Municipal Advisory Councils (MACs) are authorized in Section 31010 of the California Government Code.  These councils can take on planning and zoning responsibilities on behalf of a county for a specific community, and they can serve as a community forum for municipal issues.  Section 31010 allows MACs to advise Supervisors to determine a MAC’s scope concerning services provided to an unincorporated area by the county. There is no statewide consistency as to the role of MACs.

Section 31010 states that a MAC may be appointed or elected, leaving the decision to the county as to how MAC members are selected. Though advisory, an elected MAC speaks for the people that elected them, rather than for the Supervisor who made their appointments.

Unincorporated area residents face multiple venues for an issue that would be handled by city staff or just one convening body in a city.  For unincorporated communities, MACs typically provide the public with first contact about development proposals that then go to county planning commissions for decisions. Since counties appoint countywide planning commissions with appointees from each Supervisor, non-elected residents outside of an unincorporated community typically make decisions. The concerns of an unincorporated community are thus easily kept at arms length from the Supervisors themselves. Any California community - unincorporated or incorporated - should have the power to make decisions for itself.

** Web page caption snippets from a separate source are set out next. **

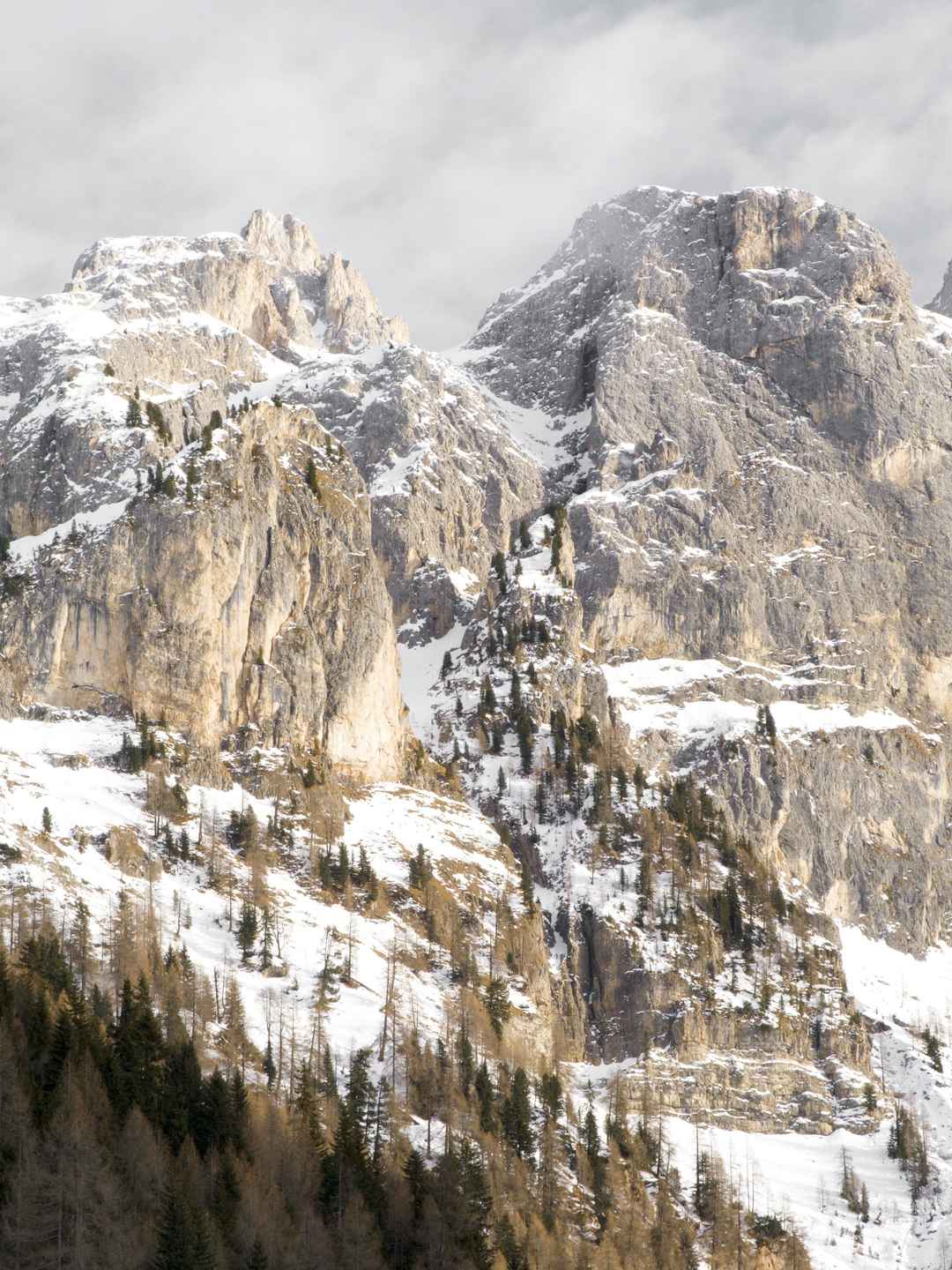 巍峨大山冬天雪景手机壁纸图片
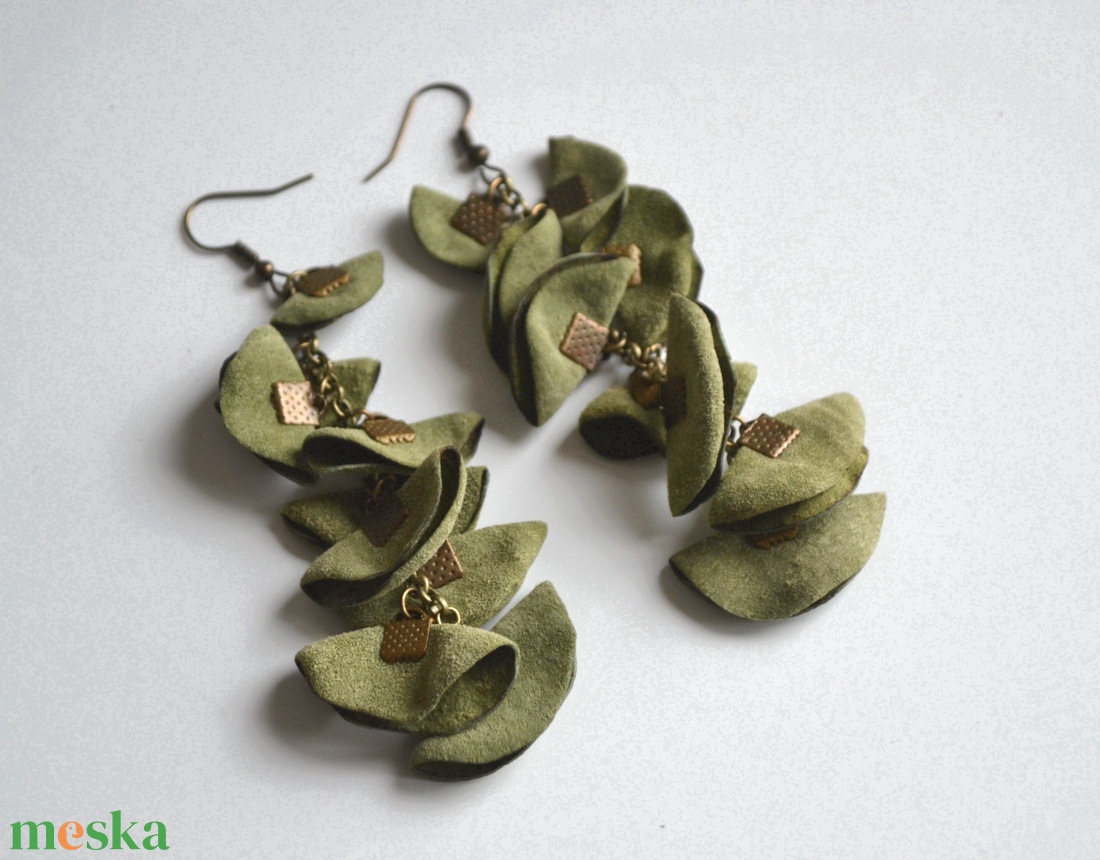 Szirmok szabadon-valódi bőr fülbevaló  - ékszer - fülbevaló - lógó fülbevaló - Meska.hu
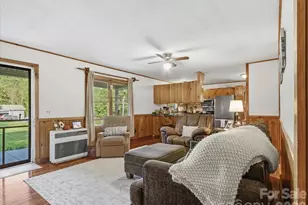 1840 White Oak Rd, Burnsville, NC 28714 - Photo 4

Sacramento County calls its MACs County Planning Advisory Commissions (CPACs). This is the Arden Arcade CPAC, appointees of the area's Supervisor. Arden Arcade is a large, socially diverse community of economically disadvantaged and working class neighborhoods and a few privileged neighborhoods. The CPAC consists of white males, almost all of whom reside in the privileged neighborhoods and are lobbyists at the state Capitol. They behave like the corporate officers and elected officials they hang out with - limiting public comments to 2 minutes each, reprimanding commenters who oppose predetermined outcomes, etc. Their meetings are poorly attended.  Their deliberations are largely unknown to the public. County staff deploys them as a tool to defeat public input.